Abstract

AbstractVarious current trends in education highlight the importance of pedagogies that address societal and environmental questions while preparing and inspiring students to take action. Meanwhile, how we view the future influences how we act, and how we act influences the future. Research on young people’s images of the future has shown how technology plays a central role in how we imagine the future and the changes that shape it. This suggests a need to address the role of perceptions of future sociotechnical change and agency in students’ thinking, as it may instruct the development of action-oriented critical scientific literacy. Thus, in this study, we examine how images of the future reflect students’ perceptions of sociotechnical change.
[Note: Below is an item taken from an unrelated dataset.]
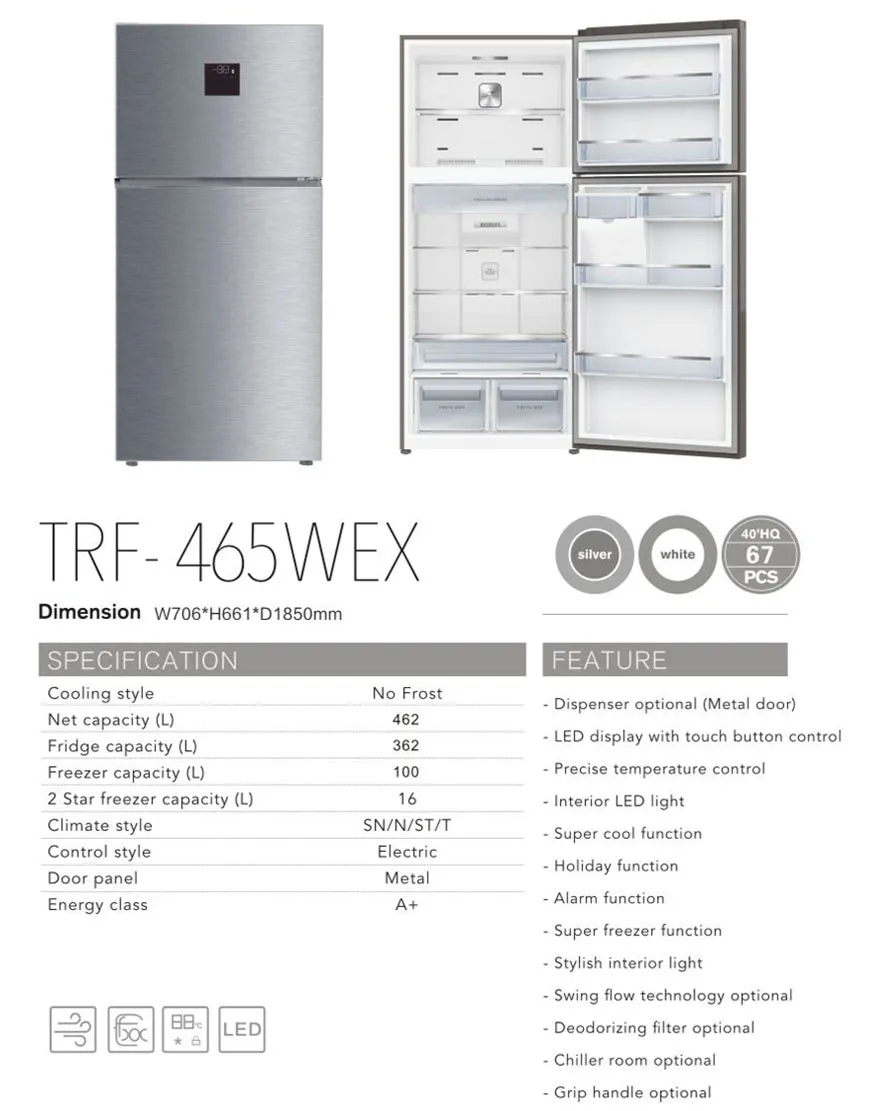 No Frost Free Refrigerator Top Freezer Big Capacity 465L Model: Trf-465wex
Employing abductive qualitative content analysis on 58 upper secondary school students’ essays describing “a typical day” in the future, we focused on how students’ depictions of future sociotechnical change vary along three dimensions: from static futures to radical transformation, from nonproblematic change to issues deeply relevant to societal deliberation, and various framings of who, if anyone, has agency. We found that students’ images of the future contained wide variation in the discussed range of sociotechnical change, while technology was discussed typically in nonproblematic and sometimes in more critical, problematised ways. Indications of agency were mostly vague, but students occasionally attributed agency over sociotechnical change to the general public, specialised experts and themselves. We conclude by discussing the potential implications of the results in regard to recent definitions of scientific literacy as well as future-oriented pedagogies in science education.